Portés par ces succès, nous nous sommes déclarés candidats à l’acquisition de l’industrie australienne de Défense, encore détenue par l’État et proposée à la privatisation, en 2000.
Nous avons acquis cette société (Australian Defence Industries) en partenariat 50–50 avec la société australienne Transfield.
Présence de Thalès en Australie
Cet investissement, joint aux précédentes initiatives conduites en Australie, positionne désormais Thalès comme le principal acteur australien dans nos domaines d’activité (Défense-Sécurité), et l’Australie comme une des principales entités de notre groupe parmi nos implantations » multidomestiques « .
Cette expérience développée depuis vingt ans s’est avérée extrêmement riche ; les échanges d’ingénieurs, de dirigeants, entre nos entités australienne, française, anglaise, néerlandaise, américaine ou canadienne sont fréquents et faciles ; nombre de nos » expatriés » européens en Australie ont d’ailleurs adopté la double nationalité ; beaucoup de nos collègues australiens conduisent des carrières très positives en Europe.
Cette success story rejoint les témoignages de nombreuses entreprises françaises qui ont développé leurs activités en Australie de manière très satisfaisante, avec le support d’un gouvernement généralement très accueillant et pragmatique (je me souviens de la période critique des derniers essais nucléaires français dans la région, au cours de laquelle le dialogue resta sûr et sincère sur les sujets d’intérêts économiques et stratégiques communs).
Le Commonwealth encourage de manière efficace, et subventionne, le développement des nouvelles technologies ; la formation des ingénieurs, les méthodes de collaboration avec les universités et les centres publics de recherche sont alignés sur les meilleurs standards ; le coût de revient, dans nos activités techniques, est significativement inférieur aux coûts enregistrés en Europe et aux USA.
Certes, toute belle histoire comporte des aléas.

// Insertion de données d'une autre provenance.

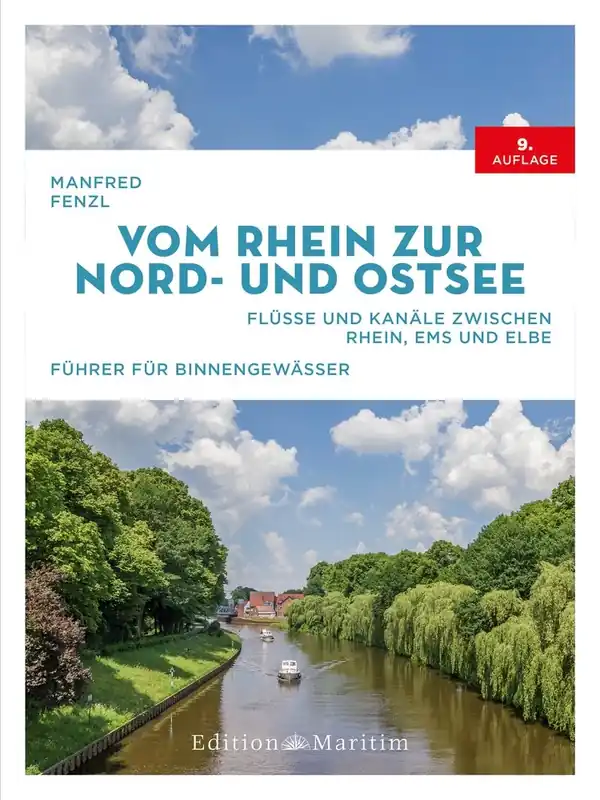 Nieuw vaargids Vom Rhein zur Nord- und Ostsee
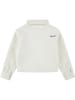 Levi's Kids Teddyjacke in Weiß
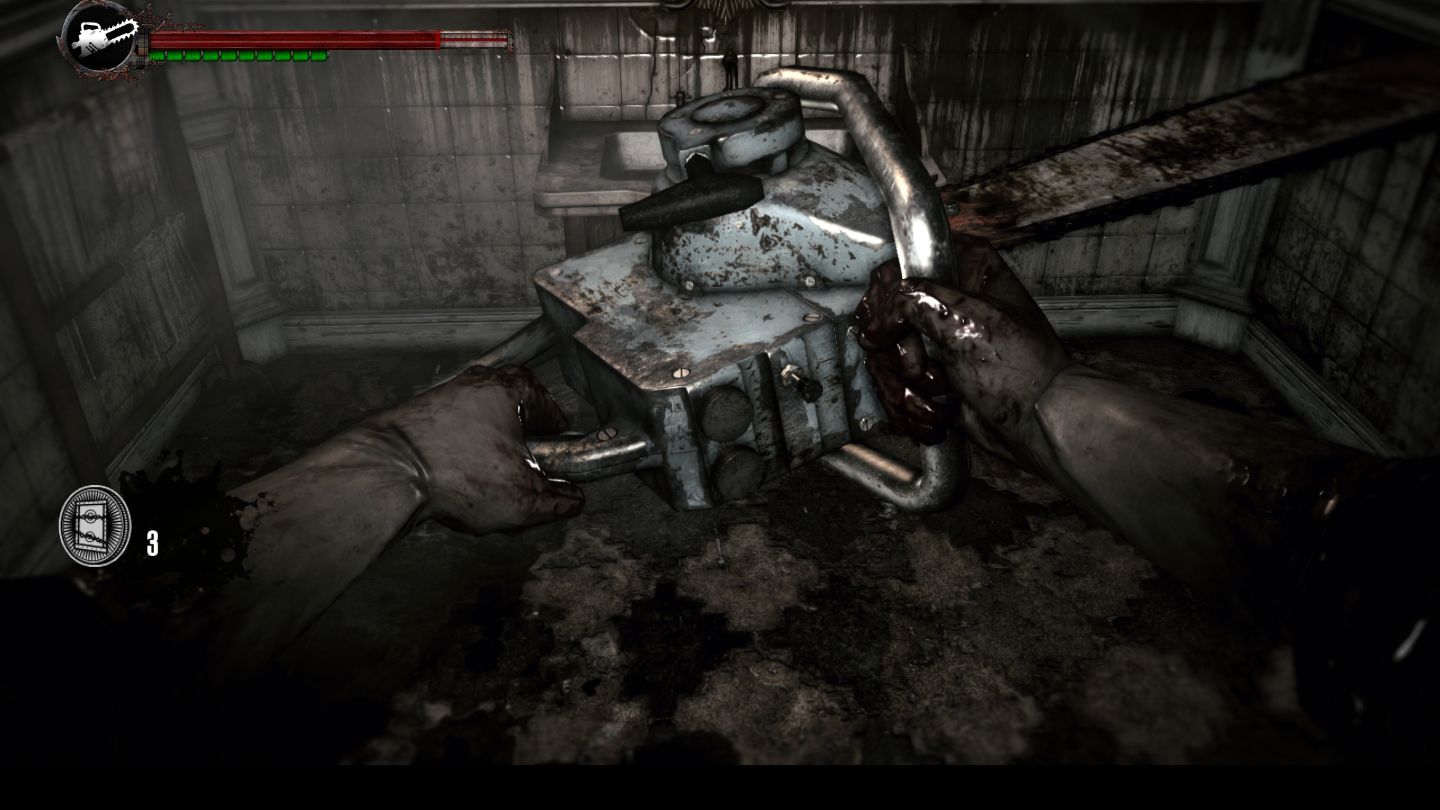 The Evil Within /DLC-the Executioner:Начало смотреть онлайн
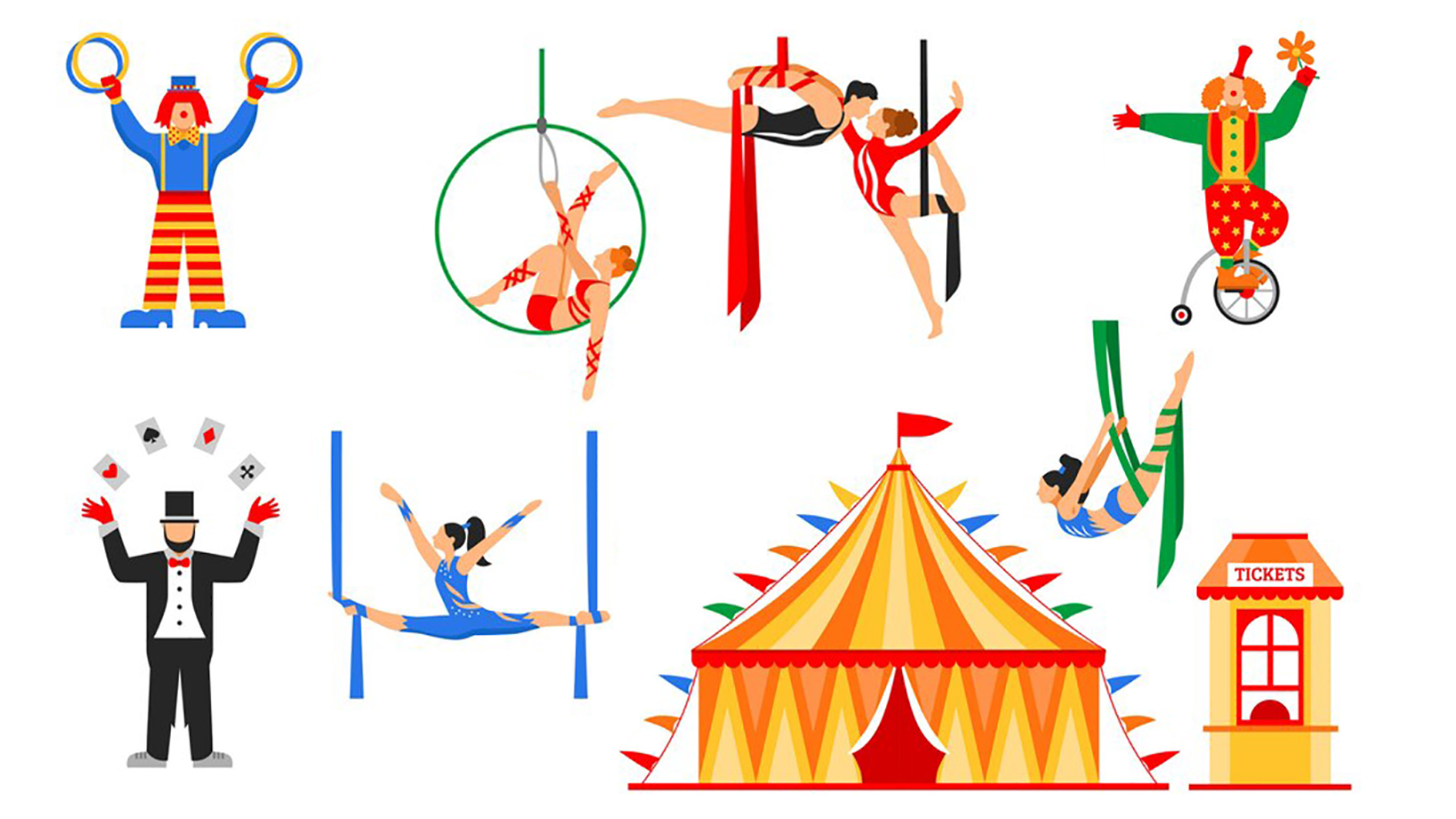 Arts du Cirque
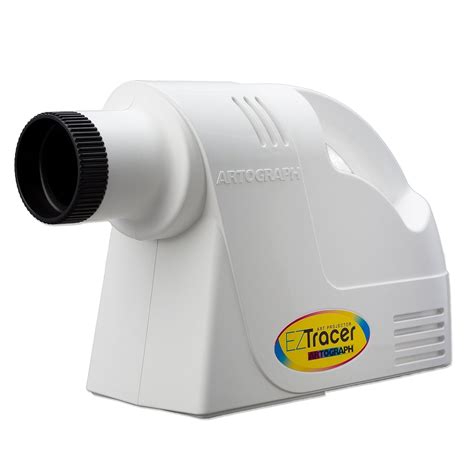 Art Projector Tracer Enlarger Artograph Artist Drawing Portable Letter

Dans le domaine de la défense et de la sécurité, où nous opérons, nous subissons depuis mi-2002 les conséquences des débats politiques opposant l’Australie, associée aux USA, et la » vieille Europe » représentée par la France.
Dans un amalgame flou, invoqué par certains fonctionnaires, tout ce qui est » français » deviendrait suspect, en matière de sécurité.
Notre groupe qui se pose aussi bien en » citoyen » australien qu’américain, anglais, canadien, néerlandais, allemand, ou norvégien (parmi d’autres…) est bien convaincu que nous saurons préserver, en Australie, le climat de confiance, et les formes de coopération qui ont fait leur preuve pour le plus grand bénéfice de ce pays, où nous avons inauguré cette approche » multidomestique « , il y a dix ans.
Pour preuve de notre conviction et de notre engagement, nous nous sommes fixé pour objectif cette année d’établir en Australie un centre de recherche du groupe, à l’instar de ce que nous venons d’établir à Singapour.
Réalistes pour le court terme, ambitieux pour le long terme, nous ne pouvons qu’inciter les grandes entreprises françaises à nous suivre sur cette aventure australienne, qui suscite chez nos cadres et dirigeants confiance et enthousiasme, avec un grand respect pour la qualité de cette démocratie, la transparence de ses pratiques, la qualité des professionnels rencontrés, et l’excellente convergence culturelle entre nos sociétés.
Notre groupe a investi en Australie pour le long terme, avec la conviction que ce continent saura gérer avec intelligence et équilibre sa position de carrefour entre l’Amérique, l’Europe et l’Asie.